On Tuesday, ConnectWise updated its advisory to confirm active exploitation of the issues, which don't yet have CVEs: "We received updates of compromised accounts that our incident response team have been able to investigate and confirm." It also added an extensive list of IoCs.

Meanwhile, Piotr Kijewski, CEO at the Shadowserver Foundation, confirmed seeing initial exploitation requests in the nonprofit's honeypot sensors.

"Check for signs of compromise (like new users added) and patch!" he stressed via the Shadowserver mailing list, adding that as of Tuesday, a full 93% of ScreenConnect instances were still vulnerable (about 3,800 installations), most of them located in the US.
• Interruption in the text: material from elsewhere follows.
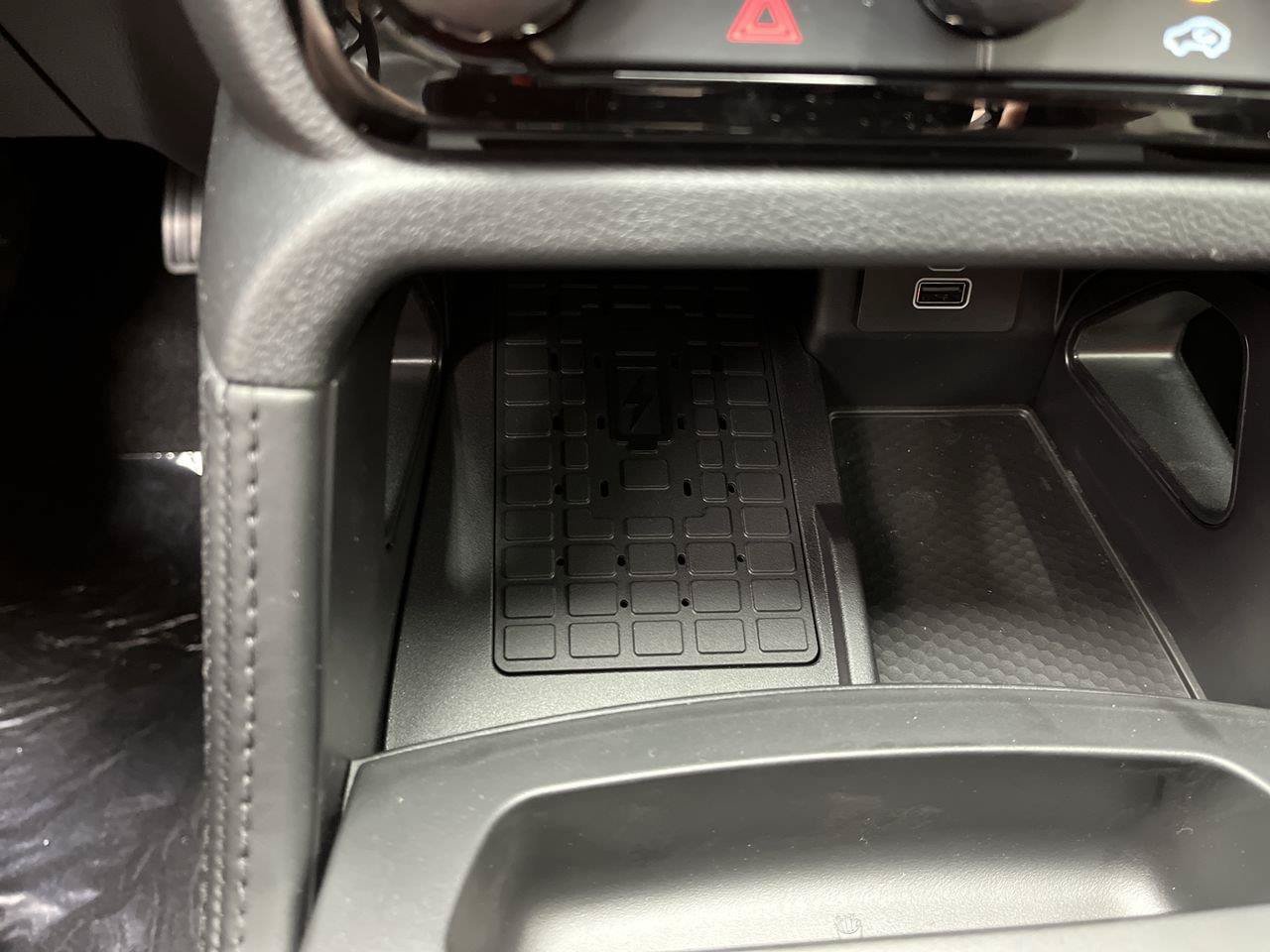 New 2026 Ford Ranger Raptor AWD/4WD image 26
The vulnerabilities affect ScreenConnect versions 23.9.7 and earlier, and specifically affect self-hosted or on-premises installations; cloud customers hosting ScreenConnect servers on the "screenconnect.com" or "hostedrmm.com" domains are not affected.

Expect ConnectWise Exploitation to Snowball

While exploitation attempts are low-volume at the moment, Mike Walters, president and co-founder of Action1, said in emailed commentary that businesses should expect "significant security implications" from the ConnectWise bugs.

Walters, who also confirmed in-the-wild exploitation of the vulnerabilities, said to expect, potentially, "thousands of compromised instances." But the issues also have the potential to blow up into a wide-ranging supply chain attack in which assailants infiltrate managed security service providers (MSSPs), then pivot to their business customers.

He explained, "The massive attack exploiting these vulnerabilities may be similar to the Kaseya vulnerability exploitation in 2021, as ScreenConnect is a very popular [remote management and monitoring tool] RMM among MSPs and MSSPs, and could result in comparable damage."

So far, both Huntress researchers and researchers from the Horizon3 attack team have publicly released PoCs for the bugs, and others are sure to follow.

To protect themselves, ConnectWise SmartScreen admins should upgrade to version 23.9.8 immediately to patch their systems, then use the IoCs provided to hunt for signs of exploitation.